Paulatinamente, el joven gobernante se fue forjando la personalidad de un tirano que sólo confiaba en la autoridad de Schwarzenberg, que después de la revolución de 1848 reorganizó el imperio con mano de hierro, produciendo frecuentes protestas humanitarias en los demás países de Europa. Durante los años de su dominio, las túnicas blancas del ejército austriaco llegaron a ser vistas como sinónimo de absolutismo y represión. Aplastó la rebelión independentista húngara de 1848 y la ahogó en sangre. Francisco José, una figura solitaria y cada vez más distante de su pueblo, permitió que el general Radetsky castigara severamente a los italianos que también se habían rebelado.
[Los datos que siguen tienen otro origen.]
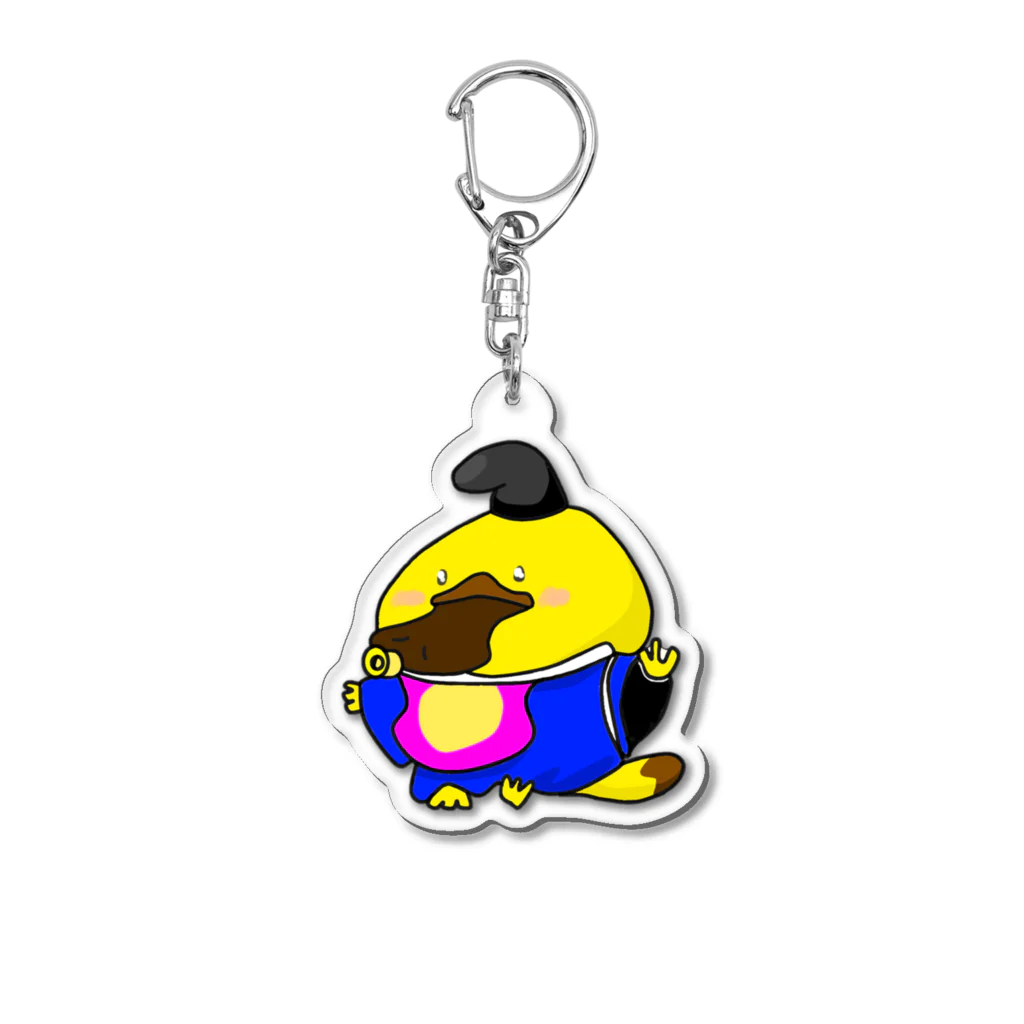 まろノハシWORLDのベビーまろノハシ Acrylic Key Chain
Restaurada la paz, Francisco José se abocó a construir, en pleno siglo XIX, el régimen más absolutista que había conocido la dinastía de los Habsburgo desde principios del siglo XVII. El joven príncipe, que fue elevado al trono para introducir cambios en el decadente imperio, acabó construyendo un régimen tiránico altamente centralizado, manejado por él y por una burocracia impersonal, eficiente e incorruptible, pero muy conservadora.

Las mismas exigencias que el emperador Habsburgo impuso a sus pueblos, se las impuso también a sí mismo. Trabajó como pocos monarcas habían trabajado hasta entonces, dependiendo cada vez más de tecnócratas y expertos anónimos que manejaban los asuntos internos, externos y militares. Eso repercutió inevitablemente en su vida privada. En 1853 se enamoró perdidamente y acabó casándose con su prima Elisabeth de Baviera, una joven de gran hermosura, encanto y ternura (la famosa Sissi). Hostilizada por su suegra empeñada en someterla, espantada por el rígido protocolo de la corte, relegada por la obsesión de trabajo de su esposo, Elisabeth se refugió en un frenesí de viajes que la alejaban de esa realidad. El pueblo la veía como una figura joven y encantadora llevada a la desesperación por la frialdad y la lejanía del emperador. Pese a que éste quería mucho a su mujer, el matrimonio fracasó lamentablemente y esto aisló más aún a Francisco José, a quien todos consideraban arrogante, frío e inflexible.

Al final de su vida estaba totalmente solo, sumido bajo el peso de todos los desastres de los que fue protagonista. Su figura había evolucionado de la de un joven autócrata e intransigente a la de un patriarca venerable. Pero, en realidad, a su alrededor sólo había escombros. Su hermano, Maximiliano, había sido fusilado en México y su nuera se había vuelto loca de pesar. Su hijo, el príncipe heredero, se había suicidado por amor en Mayerling. La emperatriz que él adoraba peroÊa quien no había podido hacer feliz, fue acuchillada en Génova. Su sobrino Francisco Fernando, a quien había nombrado su nuevo heredero, se casó por debajo de su rango, se le oponía de todas las maneras posibles y acabó muriendo en Sarajevo, a manos de un asesino que desencadenó la primera guerra mundial. Incluso su única confidente y amante, Katherina Shratt, lo había abandonado hacía mucho.

Cuando Francisco José murió, en plena guerra mundial, la increíble historia de esa dinastía llegó a su fin, y con ella la de un orden que dominó a Europa durante varios siglos. El ejército austriaco acabó perdiendo la guerra y el imperio se derrumbó. El último Habsburgo, Carlos, bajó del trono en noviembre de 1918, exactamente 642 años después de que el primer Rodolfo plantara con fuerza su estandarte en Viena.